▶ Data items:

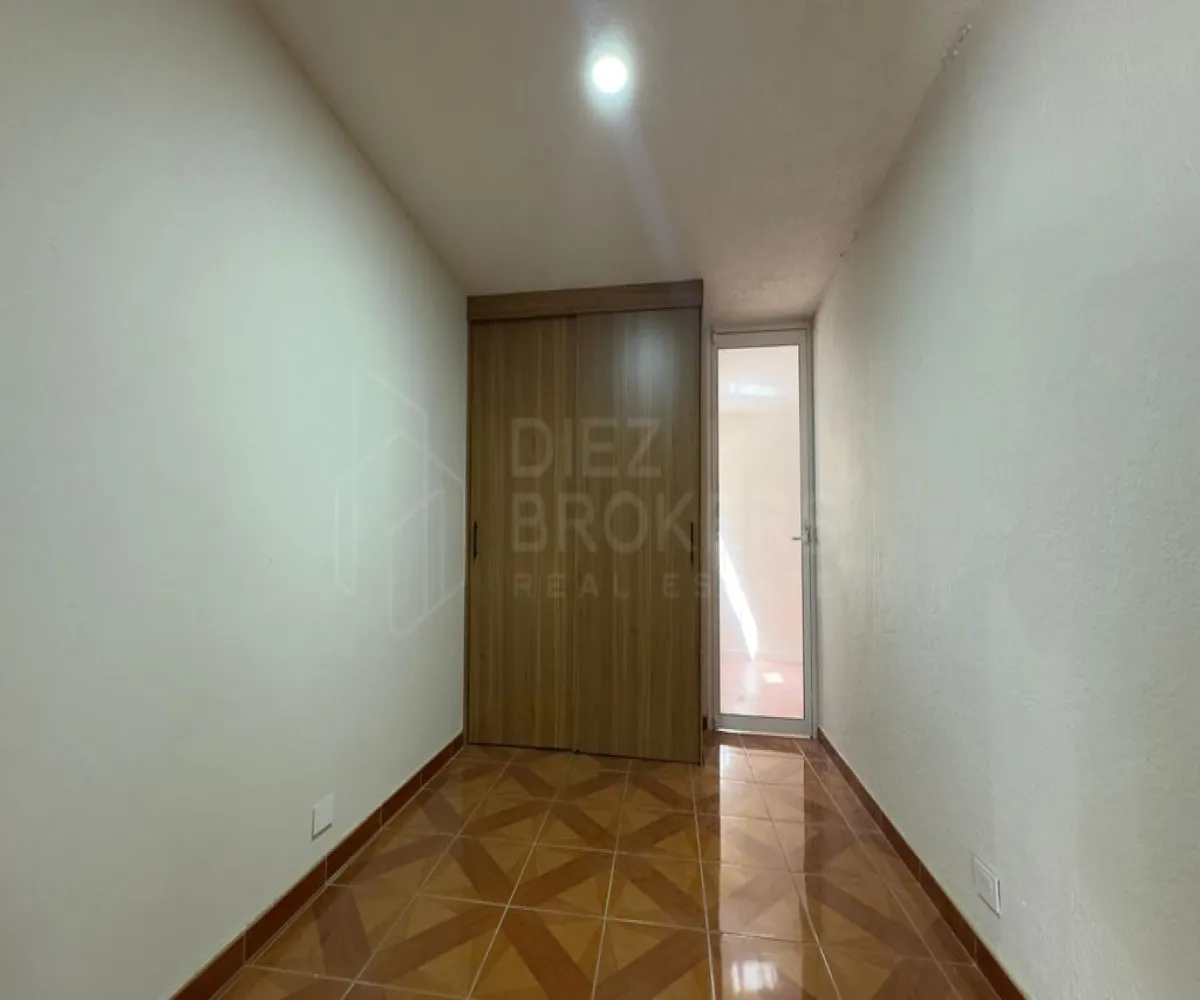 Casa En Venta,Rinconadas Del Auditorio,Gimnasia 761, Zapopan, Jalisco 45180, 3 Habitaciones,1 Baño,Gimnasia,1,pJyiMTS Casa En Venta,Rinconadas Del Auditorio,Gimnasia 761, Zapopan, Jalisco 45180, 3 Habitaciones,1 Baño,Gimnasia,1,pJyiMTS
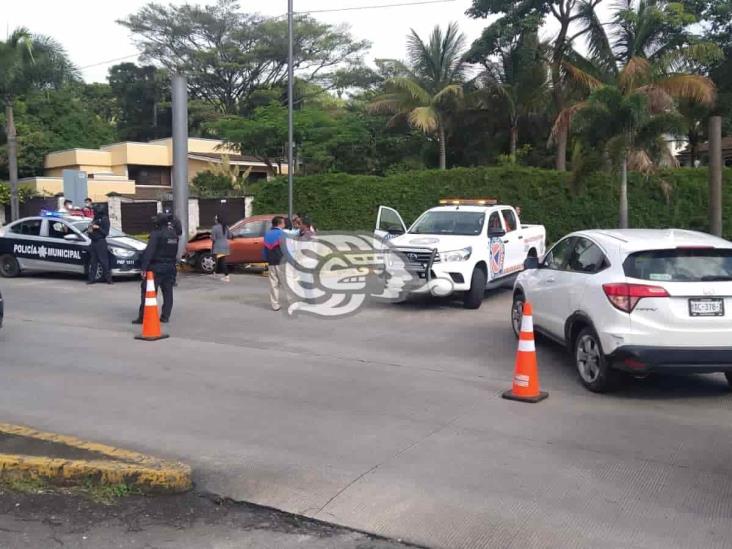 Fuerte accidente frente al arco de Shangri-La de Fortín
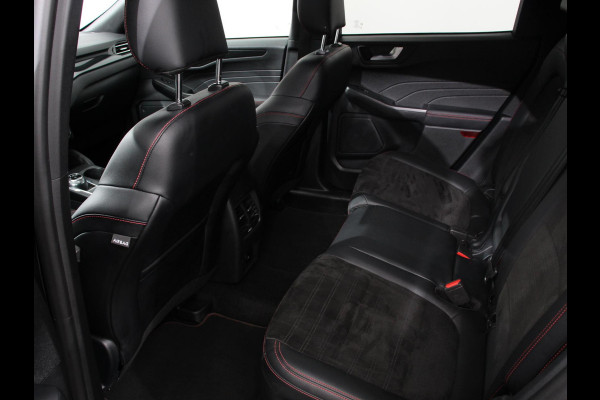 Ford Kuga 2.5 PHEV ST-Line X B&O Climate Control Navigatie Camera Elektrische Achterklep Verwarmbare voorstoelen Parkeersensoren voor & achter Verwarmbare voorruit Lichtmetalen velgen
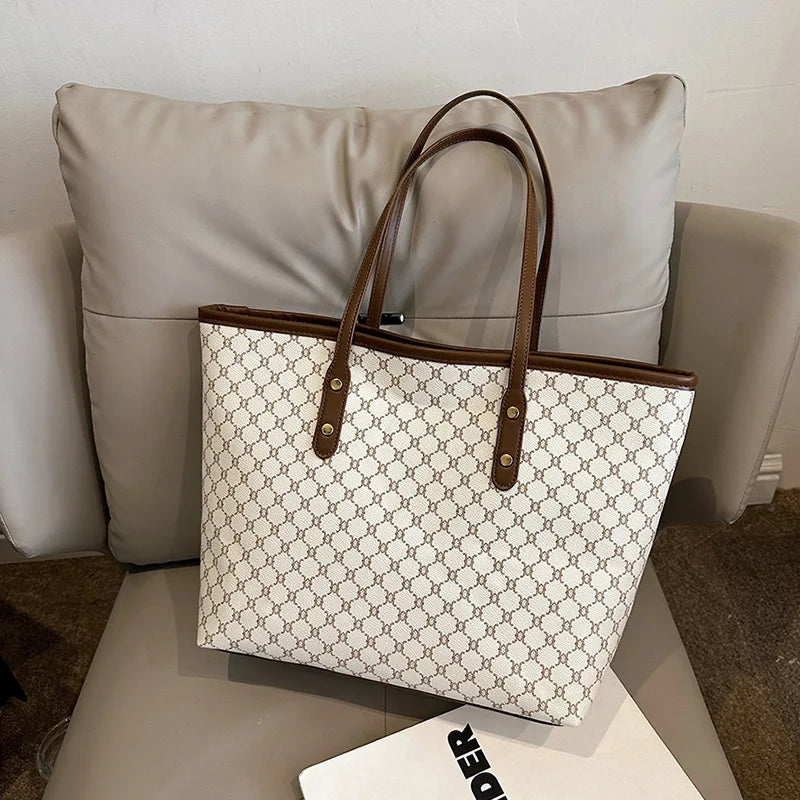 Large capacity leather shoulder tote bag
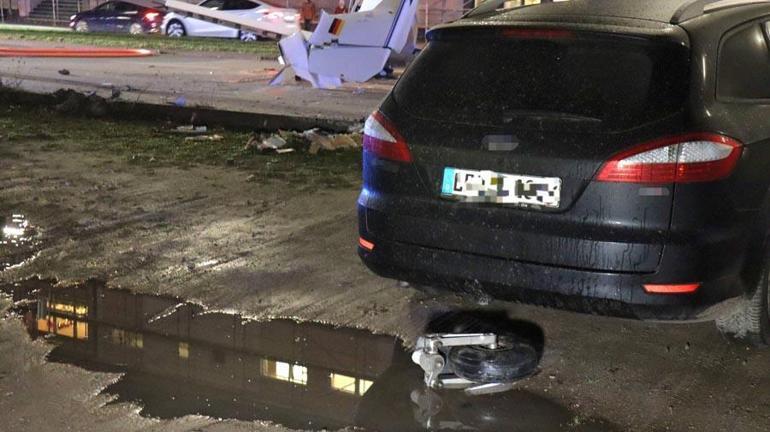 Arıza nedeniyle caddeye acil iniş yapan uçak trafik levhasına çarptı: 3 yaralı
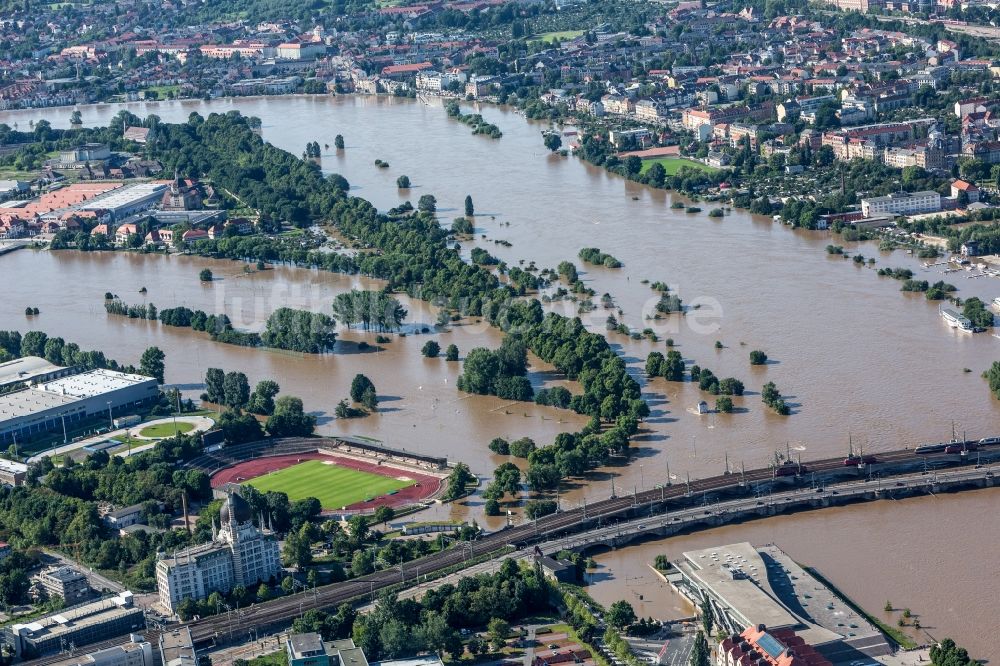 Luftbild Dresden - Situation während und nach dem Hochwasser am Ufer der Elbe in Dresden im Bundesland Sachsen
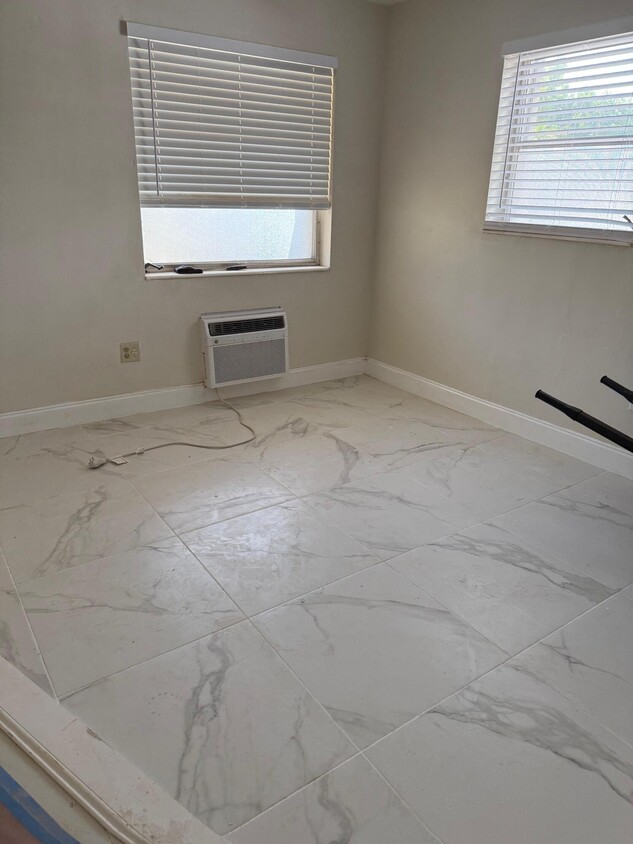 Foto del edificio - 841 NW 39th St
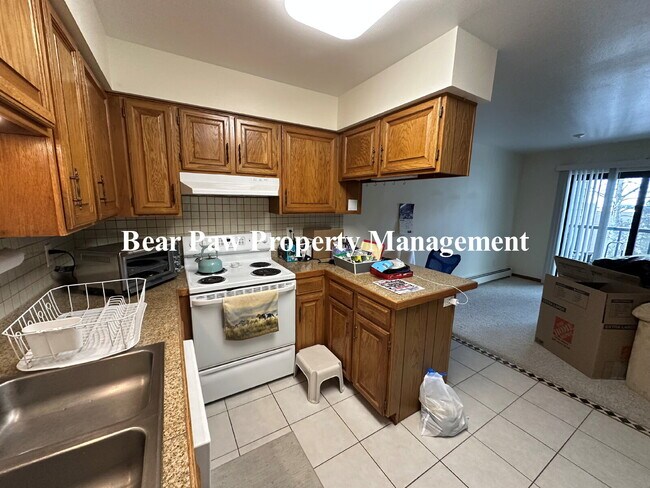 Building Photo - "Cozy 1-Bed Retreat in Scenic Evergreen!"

▶ REQUIRED WORK:
All that is wanted is an exact copy of the lines from the line bearing "Ford Kuga 2.5" through the final line of the entries, including both ends but no pictures.

▶ THE COMPLETED TASK:
 Ford Kuga 2.5 PHEV ST-Line X B&O Climate Control Navigatie Camera Elektrische Achterklep Verwarmbare voorstoelen Parkeersensoren voor & achter Verwarmbare voorruit Lichtmetalen velgen
 Large capacity leather shoulder tote bag
 Arıza nedeniyle caddeye acil iniş yapan uçak trafik levhasına çarptı: 3 yaralı
 Luftbild Dresden - Situation während und nach dem Hochwasser am Ufer der Elbe in Dresden im Bundesland Sachsen
 Foto del edificio - 841 NW 39th St
 Building Photo - "Cozy 1-Bed Retreat in Scenic Evergreen!"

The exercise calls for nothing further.